This brings us down to the school of Alexandria. Alexander had founded near the Canopic mouth of the Nile a city which was destined long to perpetuate his name and glory. The glory was to come not so much from its commercial importance, though it rose to be the chief commercial city of the world, as from its intellectual supremacy. It was the ambition of the Ptolemies to make their capital the intellectual center of the world, and in this they were successful. The Attic and Ionian scholars gave place to the Alexandrian, not only in the department of letters, but also in the domain of science. One of the librarians of the great Alexandrian Library was Eratosthenes (b. c. 270), who may justly be called the Father of Geography. His work is in great part preserved to us in the pages of Strabo and Pliny. Having under his eye everything that had ever been written upon the subject, he first combined the whole into a complete system, which can to-day be restored. The map of the world which he prepared, if less perfect in some respects than Ptolemy's, was in other respects far more perfect; indeed, was the most correct which the world was to see down to the sixteenth century a. d. Besides other and doubtless very important data, of which we have no information, Eratosthenes must have had a record of an expedition undertaken in the fifth century b. c. by Hanno, under the direction of the Carthaginian Senate, in which he sailed down the west coast of Africa as far as to the Gulf of Benin; as well as an account of the observations made by the followers of Alexander during his march through Asia, and by his naval commander Nearchus, who conducted the fleet from the mouths of the Indus along the coast to the Euphrates.

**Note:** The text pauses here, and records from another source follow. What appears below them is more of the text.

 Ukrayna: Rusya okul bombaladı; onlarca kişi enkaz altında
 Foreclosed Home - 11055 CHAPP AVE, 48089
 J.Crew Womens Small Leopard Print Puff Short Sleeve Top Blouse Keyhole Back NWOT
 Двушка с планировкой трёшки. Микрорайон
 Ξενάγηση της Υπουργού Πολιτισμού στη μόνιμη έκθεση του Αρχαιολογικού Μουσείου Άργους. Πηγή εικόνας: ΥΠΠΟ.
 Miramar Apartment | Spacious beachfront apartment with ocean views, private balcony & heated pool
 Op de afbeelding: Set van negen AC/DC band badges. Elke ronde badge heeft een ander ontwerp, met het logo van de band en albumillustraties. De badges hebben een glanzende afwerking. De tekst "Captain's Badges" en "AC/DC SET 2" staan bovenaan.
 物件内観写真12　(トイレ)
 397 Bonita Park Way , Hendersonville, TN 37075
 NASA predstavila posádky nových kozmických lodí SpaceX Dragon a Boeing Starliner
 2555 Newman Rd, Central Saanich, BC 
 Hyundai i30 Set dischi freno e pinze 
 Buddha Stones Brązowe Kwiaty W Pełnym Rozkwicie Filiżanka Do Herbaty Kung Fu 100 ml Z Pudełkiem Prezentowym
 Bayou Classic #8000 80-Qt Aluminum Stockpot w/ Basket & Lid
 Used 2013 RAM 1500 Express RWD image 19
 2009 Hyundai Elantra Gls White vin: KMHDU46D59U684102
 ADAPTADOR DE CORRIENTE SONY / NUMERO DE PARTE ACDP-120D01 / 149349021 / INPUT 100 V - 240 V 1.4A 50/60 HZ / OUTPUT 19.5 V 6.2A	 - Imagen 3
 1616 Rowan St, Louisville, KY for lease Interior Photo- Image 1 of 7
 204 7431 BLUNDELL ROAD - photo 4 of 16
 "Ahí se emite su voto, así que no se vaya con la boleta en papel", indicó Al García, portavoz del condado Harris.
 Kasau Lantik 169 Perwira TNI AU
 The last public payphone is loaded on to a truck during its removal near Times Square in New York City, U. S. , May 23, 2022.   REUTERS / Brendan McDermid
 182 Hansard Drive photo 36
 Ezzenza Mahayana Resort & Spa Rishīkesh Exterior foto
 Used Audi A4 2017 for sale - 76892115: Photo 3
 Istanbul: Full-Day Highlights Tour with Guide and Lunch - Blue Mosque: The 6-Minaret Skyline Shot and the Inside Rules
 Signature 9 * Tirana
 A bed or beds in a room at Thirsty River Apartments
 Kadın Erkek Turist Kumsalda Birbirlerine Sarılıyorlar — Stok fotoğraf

After him came Hipparchus, who lived at Rhodes (b. c. 160-145). His great merit was in his use of astronomical observations to determine positions upon the earth, instead of depending upon itinerary distances from a few known points, as had been the method of Eratosthenes, But the age did not appreciate his work, and the science was not to realize the advance which was thus made possible; nearly three centuries must elapse before the fruit of his labors was to appear. Eratosthenes had been able to determine latitude by the heavenly bodies, but not longitude. Hipparchus showed how this also could be done, by observing the eclipses of the sun and moon. Again, he invented the method of projection in map-making, another most valuable contribution to the science which was to be despised until a coming age.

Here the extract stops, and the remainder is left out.